Each school may vary, but I've seen some that do something along the lines of 1st to 2nd black= 2yrs, 2nd to 3rd= 3yrs.  Again, this can/will vary from school to school.  Of course, contribution to the art will also play a part.

As for what there is to learn.  Once you reach the advanced ranks, you will begin to learn the extensions for the lower belt techniques.  

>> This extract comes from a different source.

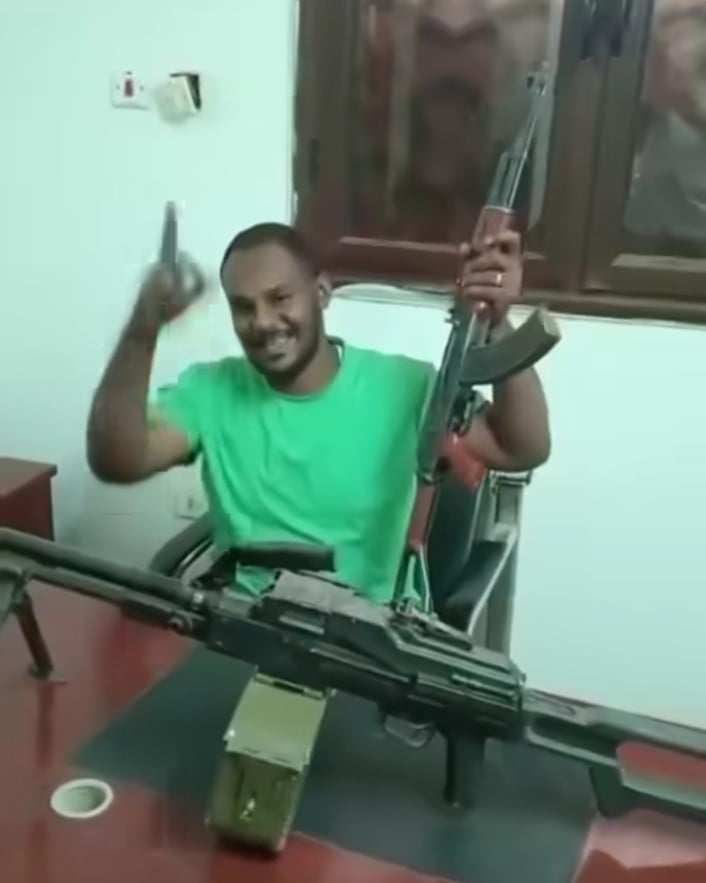 شاهد بالصورة والفيديو.. شاب سوداني يترك عمله في عمان ويعود للسودان ليقاتل مع الجيش في معركة الكرامة.. وثق رحلته من مسقط حتى عطبرة ليصل أم درمان ويحمل السلاح ويطمئن المواطنين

I hope that this was a help.

Mike


----------



## Doc (Oct 10, 2005)

MJS said:
			
		

> Each school may vary, but I've seen some that do something along the lines of 1st to 2nd black= 2yrs, 2nd to 3rd= 3yrs.  Again, this can/will vary from school to school.  Of course, contribution to the art will also play a part.
> 
> As for what there is to learn.  Once you reach the advanced ranks, you will begin to learn the extensions for the lower belt techniques.
> 
> ...


The way I see it, and I recognize this is the standard, to measure progress in years is ludicrous and overly broad in interpretation. Funny how when you ask someone "how long have you been studying the martial arts," their answer always emcompasses from the first day they started to the day you ask the question. They don't ever seem to mention that they don't train anymore, or that time they stopped for a few years, or the fact that when they trained seriously they showed up two or three times a week for a couple of hours, except when they didn't feel like it or worked late. Then there was the time when the baby came, or when they sat out for injuries. Somehow those years don't look so "yearly" when you really examine them.

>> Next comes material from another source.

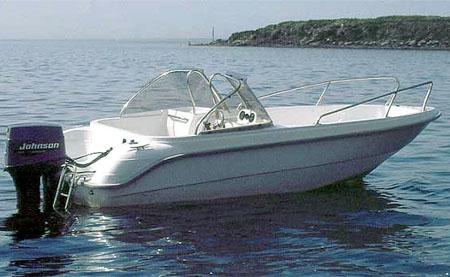 Пластиковая моторная лодка «Стрингер 480»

I judge my students training time as Mr. Parker suggested to me, in actual participation hours. All students are required to keep a personal time sheet of "in class," "teaching," and/or "audit" hours signed by staff at each session. These are kept as a record to document actual time over bluster.

For the record, our "black belt" requires approximately 1200 hours in the MSU (Kenpo), with a minimum of 16 weeks per belt course. If it takes you ten years to get there, so be it. At least your time is legitimate and not the nebulous "years" with time off unaccounted for. Considering most spend more time in a year *NOT* training then they DO actually training, it seems silly to use that as a measurement.

To each his own.


----------



## MJS (Oct 11, 2005)

Doc said:
			
		

> The way I see it, and I recognize this is the standard, to measure progress in years is ludicrous and overly broad in interpretation. Funny how when you ask someone "how long have you been studying the martial arts," their answer always emcompasses from the first day they started to the day you ask the question. They don't ever seem to mention that they don't train anymore, or that time they stopped for a few years, or the fact that when they trained seriously they showed up two or three times a week for a couple of hours, except when they didn't feel like it or worked late. Then there was the time when the baby came, or when they sat out for injuries. Somehow those years don't look so "yearly" when you really examine them.
> 
> I judge my students training time as Mr. Parker suggested to me, in actual participation hours. All students are required to keep a personal time sheet of "in class," "teaching," and/or "audit" hours signed by staff at each session. These are kept as a record to document actual time over bluster.
> 
> ...



Thanks for the reply Doc! :asian: 

IMO, I think that what matters most is how well the student understands the material.  Its almost as if once the time from belt A to B is up, the student expects to be promoted because that 'time frame' is up.  Everyone progresses at a different pace.  The color of the belt is not whats going to defend you.  Much more important to know the material, understand it, and be able to make it work.  As you said, if it takes 10 yrs. to get then, then thats what it takes.

Mike


----------



## Seabrook (Oct 11, 2005)

Doc said:
			
		

> The way I see it, and I recognize this is the standard, to measure progress in years is ludicrous and overly broad in interpretation. Funny how when you ask someone "how long have you been studying the martial arts," their answer always emcompasses from the first day they started to the day you ask the question. They don't ever seem to mention that they don't train anymore, or that time they stopped for a few years, or the fact that when they trained seriously they showed up two or three times a week for a couple of hours, except when they didn't feel like it or worked late. Then there was the time when the baby came, or when they sat out for injuries. Somehow those years don't look so "yearly" when you really examine them.
> 
> I judge my students training time as Mr. Parker suggested to me, in actual participation hours. All students are required to keep a personal time sheet of "in class," "teaching," and/or "audit" hours signed by staff at each session. These are kept as a record to document actual time over bluster.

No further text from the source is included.